- **WORK TO COMPLETE**:
In the records below, find the line with "Courtney BC Canada", then copy each line exactly until you have copied the line with "白色背景上的火焰符号孤立图标平面集合图片素材". Leave any picture out.

- **AVAILABLE DATA**:
::::::::::

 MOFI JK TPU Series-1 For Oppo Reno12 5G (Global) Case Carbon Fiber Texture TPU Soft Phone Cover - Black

::::::::::

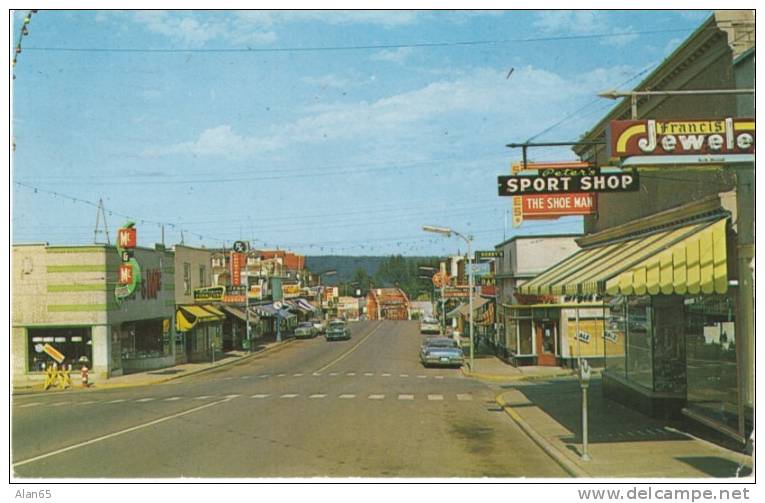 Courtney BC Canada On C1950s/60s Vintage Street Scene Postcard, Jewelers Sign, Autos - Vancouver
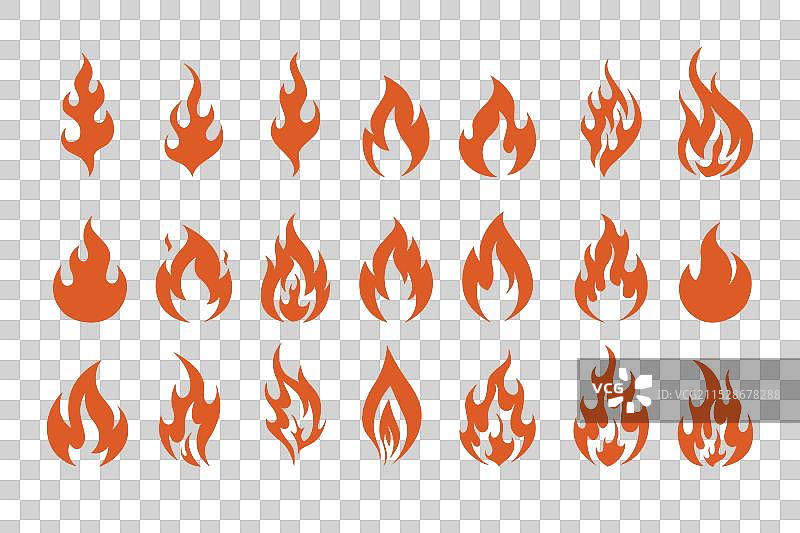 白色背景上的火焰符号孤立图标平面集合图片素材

::::::::::

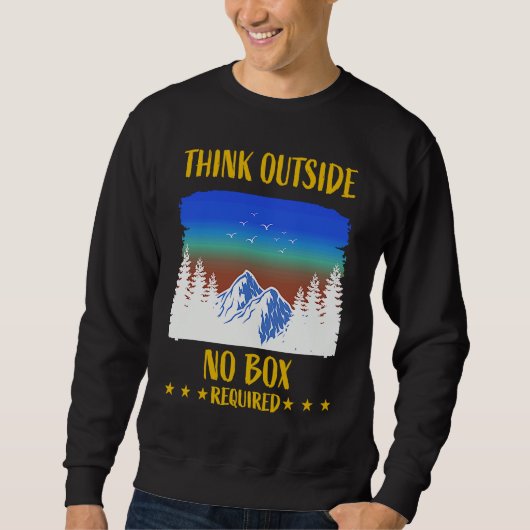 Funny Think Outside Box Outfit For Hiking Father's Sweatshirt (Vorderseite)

::::::::::

- **EXERCISE SOLUTION**:
 Courtney BC Canada On C1950s/60s Vintage Street Scene Postcard, Jewelers Sign, Autos - Vancouver
 白色背景上的火焰符号孤立图标平面集合图片素材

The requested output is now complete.